**WHAT TO DO**
The lines to reproduce from the material below are those from the one containing "Perosotan Tiup 16FT" through the one containing "A white mann", both included; write them out exactly and add nothing.

== AVAILABLE DATA

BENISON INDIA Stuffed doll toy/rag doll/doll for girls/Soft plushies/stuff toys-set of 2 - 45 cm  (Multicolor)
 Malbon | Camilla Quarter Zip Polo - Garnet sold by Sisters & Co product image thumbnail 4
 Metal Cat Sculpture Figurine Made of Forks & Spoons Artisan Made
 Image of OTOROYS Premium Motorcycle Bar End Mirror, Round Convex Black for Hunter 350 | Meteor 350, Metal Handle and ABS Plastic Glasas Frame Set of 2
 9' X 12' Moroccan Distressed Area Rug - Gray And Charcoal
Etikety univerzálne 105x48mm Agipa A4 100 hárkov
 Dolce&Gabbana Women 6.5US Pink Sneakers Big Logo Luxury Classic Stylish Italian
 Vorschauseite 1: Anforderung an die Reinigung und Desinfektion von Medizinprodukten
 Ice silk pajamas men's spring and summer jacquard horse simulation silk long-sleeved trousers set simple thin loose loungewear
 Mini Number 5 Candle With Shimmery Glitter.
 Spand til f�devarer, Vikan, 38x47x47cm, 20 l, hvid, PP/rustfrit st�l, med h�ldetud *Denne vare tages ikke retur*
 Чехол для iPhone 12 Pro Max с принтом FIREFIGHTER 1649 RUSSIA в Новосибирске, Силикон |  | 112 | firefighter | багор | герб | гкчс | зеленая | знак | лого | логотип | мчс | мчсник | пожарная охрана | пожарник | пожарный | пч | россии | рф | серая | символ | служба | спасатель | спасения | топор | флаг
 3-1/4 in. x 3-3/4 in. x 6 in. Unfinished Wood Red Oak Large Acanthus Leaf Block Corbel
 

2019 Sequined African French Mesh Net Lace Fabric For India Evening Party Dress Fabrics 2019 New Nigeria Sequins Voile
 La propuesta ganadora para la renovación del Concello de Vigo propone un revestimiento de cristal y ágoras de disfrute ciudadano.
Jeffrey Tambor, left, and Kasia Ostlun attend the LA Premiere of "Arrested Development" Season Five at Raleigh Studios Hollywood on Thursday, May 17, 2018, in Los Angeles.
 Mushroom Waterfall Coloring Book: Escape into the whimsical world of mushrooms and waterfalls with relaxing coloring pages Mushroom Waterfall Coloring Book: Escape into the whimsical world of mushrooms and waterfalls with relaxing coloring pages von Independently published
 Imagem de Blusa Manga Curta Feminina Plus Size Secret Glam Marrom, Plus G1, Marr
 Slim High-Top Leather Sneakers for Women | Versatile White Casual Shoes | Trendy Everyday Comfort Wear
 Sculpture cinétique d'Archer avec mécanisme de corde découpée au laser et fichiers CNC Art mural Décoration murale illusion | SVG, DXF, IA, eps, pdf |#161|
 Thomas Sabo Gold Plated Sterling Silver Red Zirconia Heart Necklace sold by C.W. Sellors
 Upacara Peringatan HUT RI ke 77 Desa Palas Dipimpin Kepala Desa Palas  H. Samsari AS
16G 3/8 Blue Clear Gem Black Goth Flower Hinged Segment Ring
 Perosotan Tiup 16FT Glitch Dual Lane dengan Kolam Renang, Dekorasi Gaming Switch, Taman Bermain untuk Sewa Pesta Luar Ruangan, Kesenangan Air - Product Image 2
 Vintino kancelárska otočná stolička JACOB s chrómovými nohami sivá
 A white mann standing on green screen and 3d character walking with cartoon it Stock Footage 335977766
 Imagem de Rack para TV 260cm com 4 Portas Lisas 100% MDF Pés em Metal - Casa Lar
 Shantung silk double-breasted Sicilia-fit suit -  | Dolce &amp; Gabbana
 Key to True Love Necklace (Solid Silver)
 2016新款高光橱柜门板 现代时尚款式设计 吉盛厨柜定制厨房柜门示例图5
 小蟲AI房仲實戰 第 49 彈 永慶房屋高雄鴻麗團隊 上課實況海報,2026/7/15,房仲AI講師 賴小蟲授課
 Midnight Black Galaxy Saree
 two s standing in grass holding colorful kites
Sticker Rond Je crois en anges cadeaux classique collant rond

====

**WORKED SOLUTION**
 Perosotan Tiup 16FT Glitch Dual Lane dengan Kolam Renang, Dekorasi Gaming Switch, Taman Bermain untuk Sewa Pesta Luar Ruangan, Kesenangan Air - Product Image 2
 Vintino kancelárska otočná stolička JACOB s chrómovými nohami sivá
 A white mann standing on green screen and 3d character walking with cartoon it Stock Footage 335977766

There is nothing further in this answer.